Please print nothing but the lines from the one containing "In today's video" to the final line below, exactly, and no pictures.

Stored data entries

########################################

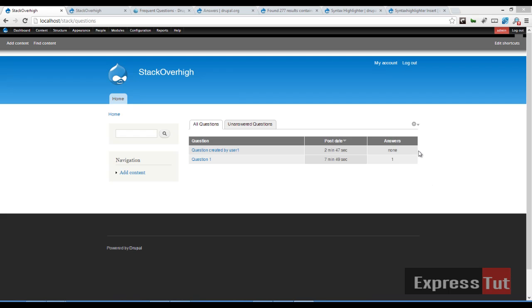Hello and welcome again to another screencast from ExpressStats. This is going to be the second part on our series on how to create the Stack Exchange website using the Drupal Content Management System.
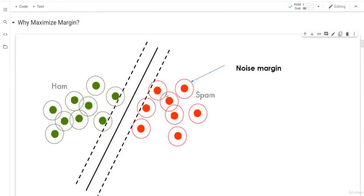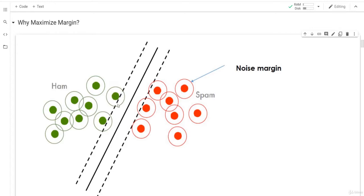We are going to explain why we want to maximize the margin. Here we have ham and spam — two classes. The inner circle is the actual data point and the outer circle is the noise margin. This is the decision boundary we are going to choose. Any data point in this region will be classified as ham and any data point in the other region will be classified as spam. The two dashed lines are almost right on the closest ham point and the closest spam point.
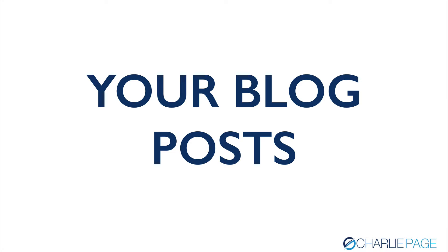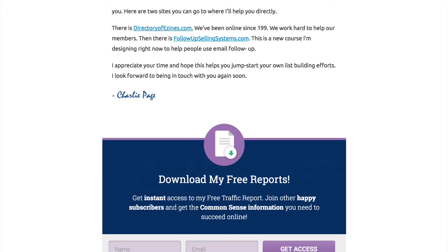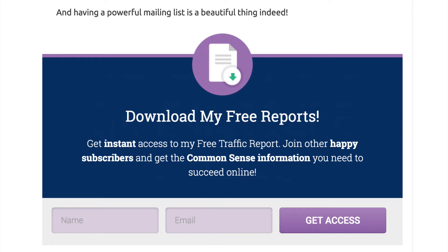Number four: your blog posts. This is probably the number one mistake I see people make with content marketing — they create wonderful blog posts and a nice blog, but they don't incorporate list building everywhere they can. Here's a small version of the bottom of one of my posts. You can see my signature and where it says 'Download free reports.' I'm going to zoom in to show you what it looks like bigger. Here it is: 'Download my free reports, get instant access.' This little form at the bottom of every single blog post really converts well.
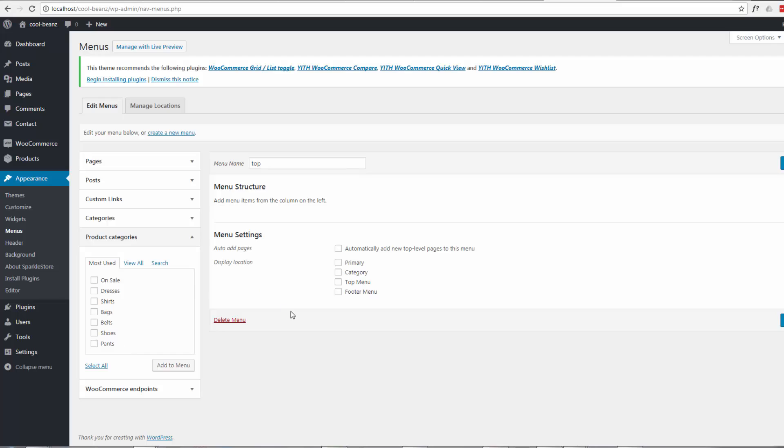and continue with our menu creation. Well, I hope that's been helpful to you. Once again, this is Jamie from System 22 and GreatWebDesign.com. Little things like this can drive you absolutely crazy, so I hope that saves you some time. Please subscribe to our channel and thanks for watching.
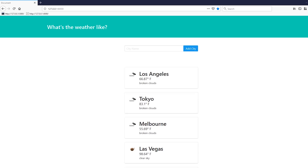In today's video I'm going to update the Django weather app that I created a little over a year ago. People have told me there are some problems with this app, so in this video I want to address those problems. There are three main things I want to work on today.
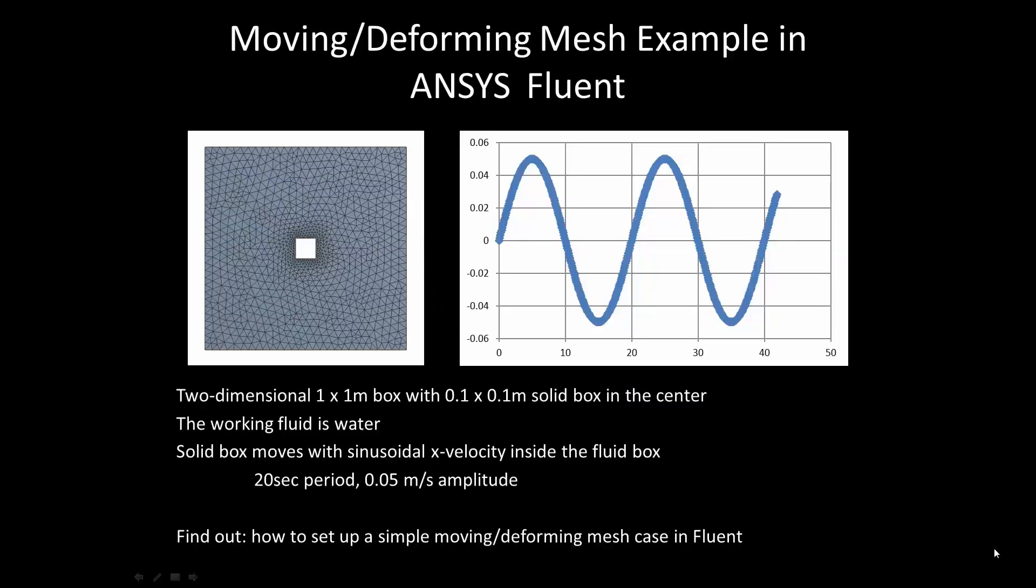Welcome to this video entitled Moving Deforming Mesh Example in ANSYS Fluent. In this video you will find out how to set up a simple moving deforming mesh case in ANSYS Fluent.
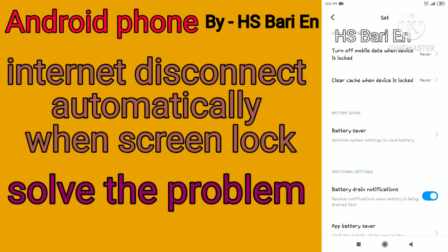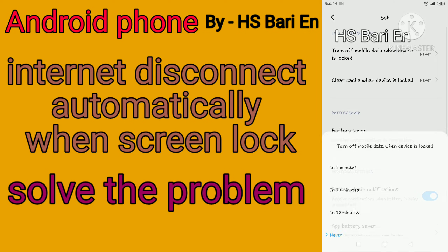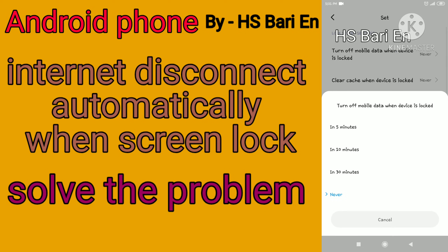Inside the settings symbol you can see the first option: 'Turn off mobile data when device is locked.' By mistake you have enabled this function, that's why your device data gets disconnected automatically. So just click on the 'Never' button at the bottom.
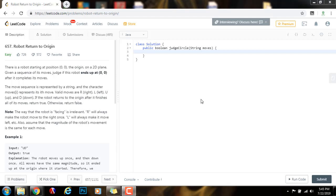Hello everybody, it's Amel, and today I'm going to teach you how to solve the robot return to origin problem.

########################################

## [Problem solution]
In today's video I'm going to update the Django weather app that I created a little over a year ago. People have told me there are some problems with this app, so in this video I want to address those problems. There are three main things I want to work on today.
Welcome to this video entitled Moving Deforming Mesh Example in ANSYS Fluent. In this video you will find out how to set up a simple moving deforming mesh case in ANSYS Fluent.
Inside the settings symbol you can see the first option: 'Turn off mobile data when device is locked.' By mistake you have enabled this function, that's why your device data gets disconnected automatically. So just click on the 'Never' button at the bottom.
Hello everybody, it's Amel, and today I'm going to teach you how to solve the robot return to origin problem.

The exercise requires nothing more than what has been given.